Under normal circumstances, Sophia would have welcomed the opportunity. And she wouldn’t stop. She would do what she should have done in Denver. She would kill him.
But now it was different. He had an edge.
Denton reached striking range. Sophia sidestepped. He was already there. His fists worked in rapid succession. She deflected, moved, kept the blows off her body. But he came in with precisely the right movement. The right timing. Faster. Quicker. Every time he got better. She was running out of reaction time. The blows glanced off her body.

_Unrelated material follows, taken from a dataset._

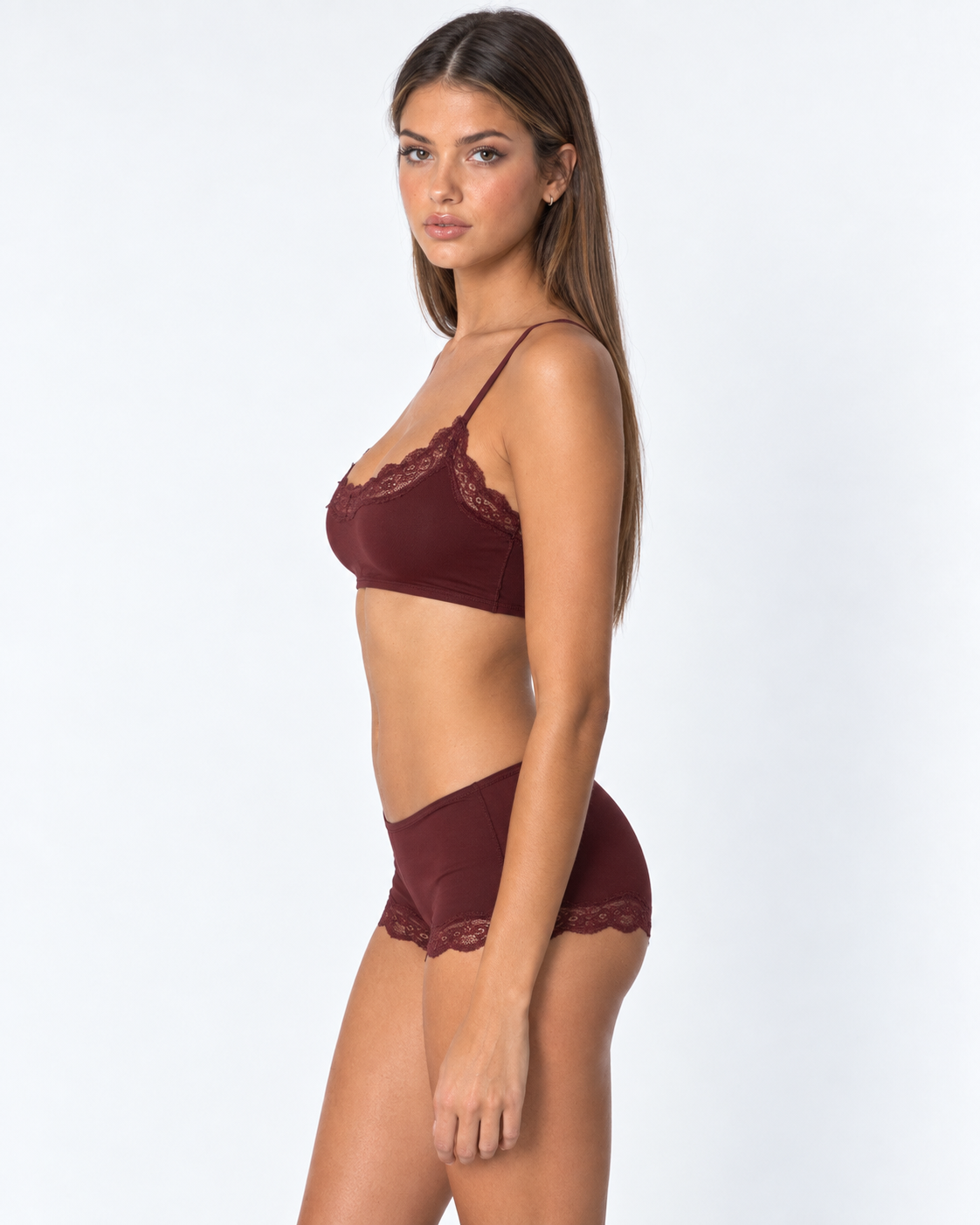 Ensemble en dentelle Barely Basic – photo 11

She thought of Damien, possibly dead. She thought of Czarina, dead. All because of him. She wanted to tear him apart. Her arms weaved between his. A blow glanced off her cheek. She absorbed the blow, moved along its trajectory. Drove her knee into his sternum.
Denton avoided it, drove his foot hard into the side of her knee. She buckled, fell to her other knee. His elbow glanced her forehead. She moved barely in time, right into the path of an open palm. She felt her nose crunch under the pressure of his strike. She fell to her back.
She used her legs to entrap him, knock him off balance—but he moved around them effortlessly. Came in from her side. One hand bore down on her forehead, twisting her head to one side. The other closed over her neck.
‘I’m going to take your life,’ he breathed. ‘And then I’m going to take my rock.’
The pressure on her skull was incredible. But it wasn’t what worried her. His fingers crushed her neck.
She couldn’t breathe.
Her vision frayed.
Her thoughts faded.
She brushed her hand down his arm. He seemed confused by the motion. She focused. With the same hand, she pushed his hand off. The grip broke. Denton stared at it.
She grabbed a piece of debris nearly. It was thin, disc-like. She didn’t think, just brought the object around. It slammed into the side of his neck. He almost lost consciousness from the blow. Sophia looked down to see she had struck him in the neck with an iPad. She was lying in a pile of rubble of Apple products from the store above.